The first step is to keep track of the pair $(\textrm{first_digit}, \textrm{last_digit})$. After rotating and adding, the new last digit is $\textrm{Rotate(first_digit)+last_digit} \pmod{10}$. For the new first digit, it is either the first digit of $\textrm{first_digit+Rotate(last_digit)}$ or the first digit of $\textrm{first_digit+Rotate(last_digit)+1},$ depending on whether there is a carry. Here is a graph of all possible updates using only rotateable digits, created at graphonline.ru/en/.

Pairs that use the digits 3, 4, or 7 are not shown, so every leaf node could potentially update once more (depending on the digits between them). All edges are directed except for $(1,5)-(6,6)$, which is undirected because there are edges in both directions.

From this graph, the only way to get more than 7 steps is to get to the $(1,5)-(6,6)$ cycle and do enough steps. It suffices to show that we can't do more than 6 iterations from $(6,6)$.

Now we keep track of the second digit. If the original number was $6..6$, the second digit of the new number is 5 or 6. The new number is now of the form $1\{5,6\}...5$. If the tens digit is 5 or greater, the next iteration would give a number like $7...6$ which can't be rotated, so we're done in that case. Otherwise, the number is of the form $1\{5,6\}...\{0,1,2\}5$. In fact, if the tens digit is nonzero then it's either $15...15$ or $16...25$ to avoid the tens digit being unrotatable in one iteration.

If it is of the form $15...15$ then to avoid unrotatable digits it must go to $66...66$ and then $16...65$ and the next number will start with 7.

If it is of the form $16...25$ then it either goes to $68...86$ or $69...86$; if $68...86$ then the 10s digit of the next iteration will be 7, and if it's $69...86$ then the next iteration will be $16...52$ and the next number will start with 7.

Finally, if the tens digit is 0, it's either $15...05$ or $16...05$. In the former case, it will go to $6\{5,6\}...56$ and then $15...15$, which we showed earlier can only survive for 3 more iterations. In the latter case, it will go to $6\{6,7\}...96$; if the second digit is 7 we're done, and if it's 6 it will go to $16...95$ and the leading digit will be 7 in one more step.

At most 6 iterations by python

Basically what the above proof is doing is keeping track of the graph of possible updates of the leading 2 digits and the last 2 digits and showing that there's no path of length more than 11 pairs of numbers involving only rotatable digits (in fact, my code says there's no path of length of more than 9 such pairs).

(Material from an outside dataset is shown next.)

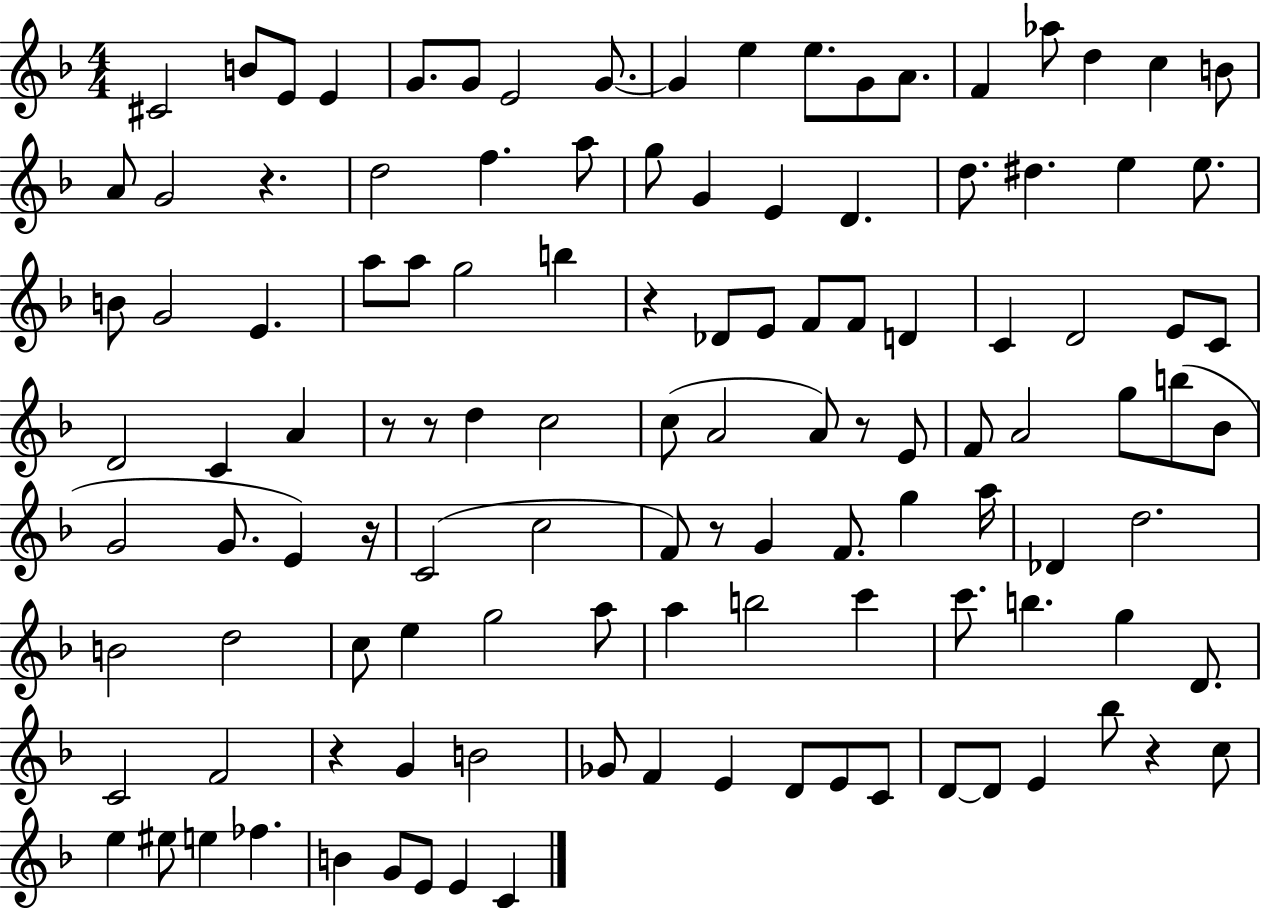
C#4/h B4/e E4/e E4/q G4/e. G4/e E4/h G4/e. G4/q E5/q E5/e. G4/e A4/e. F4/q Ab5/e D5/q C5/q B4/e A4/e G4/h R/q. D5/h F5/q. A5/e G5/e G4/q E4/q D4/q. D5/e. D#5/q. E5/q E5/e. B4/e G4/h E4/q. A5/e A5/e G5/h B5/q R/q Db4/e E4/e F4/e F4/e D4/q C4/q D4/h E4/e C4/e D4/h C4/q A4/q R/e R/e D5/q C5/h C5/e A4/h A4/e R/e E4/e F4/e A4/h G5/e B5/e Bb4/e G4/h G4/e. E4/q R/s C4/h C5/h F4/e R/e G4/q F4/e. G5/q A5/s Db4/q D5/h. B4/h D5/h C5/e E5/q G5/h A5/e A5/q B5/h C6/q C6/e. B5/q. G5/q D4/e. C4/h F4/h R/q G4/q B4/h Gb4/e F4/q E4/q D4/e E4/e C4/e D4/e D4/e E4/q Bb5/e R/q C5/e E5/q EIS5/e E5/q FES5/q. B4/q G4/e E4/e E4/q C4/q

But checking that a directed graph is acyclic and computing the longest path can be done in linear time using standard depth first search algorithms, so it's feasible to do this by python on the graph obtained by keeping track of the first and last 3 digits. (Aside1: It's true that we can define equivalence classes of pairs where two pairs are equivalent if we can get from one to the other by rotating opposing pairs of digits, and then say that equivalent pairs will get updated to the same pair, and it is possible to use this to shrink the graph by having nodes represent equivalence classes of pairs, and it's not hard to show that a cycle of length $k$ exists in one graph iff it exists in the other. However, the graph is small enough that we don't need to do this.) (Aside2: (We don't even need to check that the graph is acyclic, since the computation above by hand implies the graph keeping track of 2 digits on each side is acyclic, and a cycle in the graph keeping track of 3 or more digits on each side would imply a cycle in the graph keeping track of 2 digits on each side.)

So I did that, and I don't want to post my code right now, but the code said the claim is true. For now, I can provide the pairs that could possibly lead to something of length 6:

(212, 886), (215, 586), (216, 686), (218, 286), (219, 986), (282, 816), (285, 516),
(286, 616), (288, 216), (289, 916), (600, 196), (601, 096), (602, 996), (606, 296),
(611, 890), (612, 690), (618, 190), (619, 290), (651, 866), (658, 166), (660, 106),
(661, 006), (661, 810), (662, 610), (662, 906), (666, 206), (668, 110), (669, 210),
(691, 856), (698, 156), (900, 199), (901, 099), (902, 999), (906, 299), (912, 882),
(915, 582), (916, 682), (918, 282), (919, 982), (951, 869), (958, 169), (960, 109),
(961, 009), (962, 909), (966, 209), (982, 812), (985, 512), (986, 612), (988, 212),
(989, 912), (991, 859), (998, 159)

I remark that only (600, 196) and (602, 996) (and the equivalent pairs (601, 096) and (606, 296)) don't show up (either as-is or in an equivalent form) by 10 000 000 000, and they don't show up by 1 000 000 000 000 000 either.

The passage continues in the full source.